Categorized | Editorials

Reaping a Harvest of Pain

One of the crueler sides of that thing we call ‘human-nature’ has to do with the extent to which we – as such creatures – adapt to situations and conditions once thought both abominable and incomprehensibly unfit for us.
In case after dread case, we note how human beings can become numbed and often quite insensate in the face of violence run amok and in the very face of innocent-human-blood-shed.
This is truly remarkable, if ever there was a need for examples to back up these claims reference need only be made to that horrid score that comes packaged in with an ongoing torrent of human-blood-shed on this or that mean street somewhere or the other in this or that Bahama heart-land community.
Day in day out, there are reports upon reports which speak of this or that community where gun-men routinely engage each other in gun-play and fisticuffs; and where – on occasion – a cutlass is brought out and thereafter used with the most savage Rwanda-like efficiency.
Regrettably, all of this is closely monitored by children unfortunate enough to be born to these socially savaged people; and so, in turn, these children routinely morph into beasts just like their parents; their neighbors and their so-called friends.
And so, the battle for turf continues; and thus all the bloody news coming in from the whirlwind, where we find the likes of the three short stories that follow.

First things first: “…A 32-year-old man became the country’s latest murder victim when he was shot multiple times while walking home. It happened around 12:30am Thursday.”
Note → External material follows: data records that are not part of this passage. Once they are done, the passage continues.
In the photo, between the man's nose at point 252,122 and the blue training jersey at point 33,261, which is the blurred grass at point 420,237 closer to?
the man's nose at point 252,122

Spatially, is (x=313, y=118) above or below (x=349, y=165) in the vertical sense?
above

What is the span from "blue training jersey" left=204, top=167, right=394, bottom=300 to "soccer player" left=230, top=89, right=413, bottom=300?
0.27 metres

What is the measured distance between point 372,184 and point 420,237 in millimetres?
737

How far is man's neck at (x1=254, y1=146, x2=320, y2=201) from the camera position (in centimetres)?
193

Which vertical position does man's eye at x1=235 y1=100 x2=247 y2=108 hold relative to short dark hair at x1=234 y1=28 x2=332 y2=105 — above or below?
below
“…Police say the victim, who sources identify as Patrick Bodie aka “Lil Pat”, was walking through a track road between Gibbs Corner and Thompson Lane on the way to his home when he was approached by an unknown man who opened fire on him, hitting him multiple times about the body.”
“…When police arrived on the scene, Bodie was still breathing, but was unconscious. He was taken to hospital by ambulance where he died of his injures shortly before 3a.m.”
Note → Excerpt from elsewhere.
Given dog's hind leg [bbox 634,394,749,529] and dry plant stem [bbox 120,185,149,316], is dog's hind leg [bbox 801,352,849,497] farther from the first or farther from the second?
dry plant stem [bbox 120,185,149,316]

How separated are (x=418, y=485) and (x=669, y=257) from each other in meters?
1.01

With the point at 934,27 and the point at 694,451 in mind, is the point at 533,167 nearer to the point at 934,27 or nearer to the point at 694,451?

Needless to say, this story is identical to any number of other stories concerning how this or that young Black man just so happened to be killed at the hands of someone just like him.
In another such instance, we hear say from reports to the police, two men ages 41 and 56, were sitting on a porch on Meadow Street when they heard what sounded like three gunshots.
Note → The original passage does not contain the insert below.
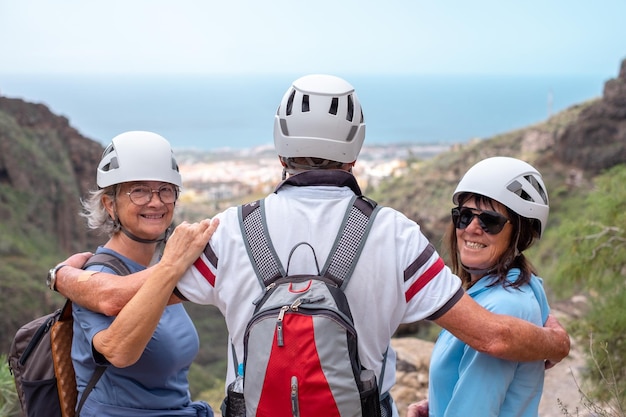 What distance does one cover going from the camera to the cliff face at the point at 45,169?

In truth, these men not only heard these gun-shots, they were hit by them.
Both men were taken to hospital where they are listed in stable condition.
At another remove, then, there is another dimension to this sad, sad song.
Here we can and do report concerning how life is lived out in some of this land’s meaner communities; thus work we did with one woman and her five children.
This woman lives on Frogman Lane; and we can tell you today that she laments her ill-luck at having to stay in a house on a street where as night falls, the gunfire begins.
This woman also tells us that she is afraid for her five children [three boys and two girls]; this because she fears for their safety as they make their way to and from school.
This woman tells us that she is especially concerned for her daughters; this because she knows precisely what is likely to be their fate in such a place where “selling” is routine.
This woman also tells us a sadder story of a time not long ago when she witnessed a man being chased and then shot down by his pursuers.
This woman’s story is identical to tales told by other men and women, who daily see, hear and feel some of what it means when the word goes forward concerning life in the ghetto.
In short, life for many comes freighted with fear in places where they are – on occasion – as afraid of the police as they are of criminals salted throughout their communities.
There are all those other decent, law-abiding citizens and residents [the working poor] who must brave the gun-fire, keep their heads down and [on occasion] see as if they are not witnesses to law-breaking on their very door-steps.
And so, the bloody beat continues in a place where murder, mayhem and abuse have become endemic.
Saddest of all has to do with facts suggestive of the conclusion which says, our leaders are currently not up to the task and challenge of dealing effectively with these issues.
Sad to say, an alternative theory suggests that the road we currently tread is the same one we built so long ago – and so today, we are reaping what we sowed so very long ago.